_PROBLEM REQUIREMENTS_
Please repeat, from the entries that follow, the lines from the one containing "Mom & baby dance" through the one containing "bontott SEAT TOLEDO" exactly, adding nothing.
(PROVIDED RECORDS)
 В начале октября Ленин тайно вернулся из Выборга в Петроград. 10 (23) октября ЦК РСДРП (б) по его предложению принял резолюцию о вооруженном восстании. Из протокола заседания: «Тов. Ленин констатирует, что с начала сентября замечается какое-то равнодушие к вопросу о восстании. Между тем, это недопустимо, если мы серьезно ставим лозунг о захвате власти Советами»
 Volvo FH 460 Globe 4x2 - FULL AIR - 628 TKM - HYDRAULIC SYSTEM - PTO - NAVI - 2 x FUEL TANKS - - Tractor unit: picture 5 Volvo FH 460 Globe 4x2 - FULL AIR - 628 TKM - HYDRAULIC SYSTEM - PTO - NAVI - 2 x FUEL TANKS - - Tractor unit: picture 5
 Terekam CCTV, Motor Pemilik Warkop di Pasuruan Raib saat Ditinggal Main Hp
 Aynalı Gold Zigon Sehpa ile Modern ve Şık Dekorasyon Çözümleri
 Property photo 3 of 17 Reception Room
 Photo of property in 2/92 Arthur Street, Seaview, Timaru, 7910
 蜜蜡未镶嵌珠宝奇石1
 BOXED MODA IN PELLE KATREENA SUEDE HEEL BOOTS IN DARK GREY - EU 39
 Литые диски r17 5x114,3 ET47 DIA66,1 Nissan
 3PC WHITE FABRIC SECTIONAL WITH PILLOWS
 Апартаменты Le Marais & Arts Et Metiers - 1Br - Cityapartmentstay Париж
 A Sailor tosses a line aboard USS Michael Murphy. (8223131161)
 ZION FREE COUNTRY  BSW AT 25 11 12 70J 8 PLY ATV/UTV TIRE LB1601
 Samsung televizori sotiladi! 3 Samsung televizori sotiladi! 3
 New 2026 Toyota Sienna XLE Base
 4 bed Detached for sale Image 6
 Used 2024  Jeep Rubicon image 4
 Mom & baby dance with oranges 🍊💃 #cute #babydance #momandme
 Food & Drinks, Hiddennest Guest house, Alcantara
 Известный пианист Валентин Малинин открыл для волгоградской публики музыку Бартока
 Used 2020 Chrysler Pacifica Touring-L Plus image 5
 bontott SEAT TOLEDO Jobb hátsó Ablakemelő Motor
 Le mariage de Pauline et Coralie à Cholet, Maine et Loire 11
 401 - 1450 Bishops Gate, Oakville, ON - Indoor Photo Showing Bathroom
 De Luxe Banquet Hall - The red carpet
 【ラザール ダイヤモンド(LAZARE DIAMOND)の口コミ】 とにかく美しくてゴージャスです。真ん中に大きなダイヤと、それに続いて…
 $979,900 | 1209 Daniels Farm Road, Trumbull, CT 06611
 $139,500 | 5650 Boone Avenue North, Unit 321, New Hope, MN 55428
(End PROVIDED RECORDS)
_ANSWER TO THIS TASK_
 Mom & baby dance with oranges 🍊💃 #cute #babydance #momandme
 Food & Drinks, Hiddennest Guest house, Alcantara
 Известный пианист Валентин Малинин открыл для волгоградской публики музыку Бартока
 Used 2020 Chrysler Pacifica Touring-L Plus image 5
 bontott SEAT TOLEDO Jobb hátsó Ablakemelő Motor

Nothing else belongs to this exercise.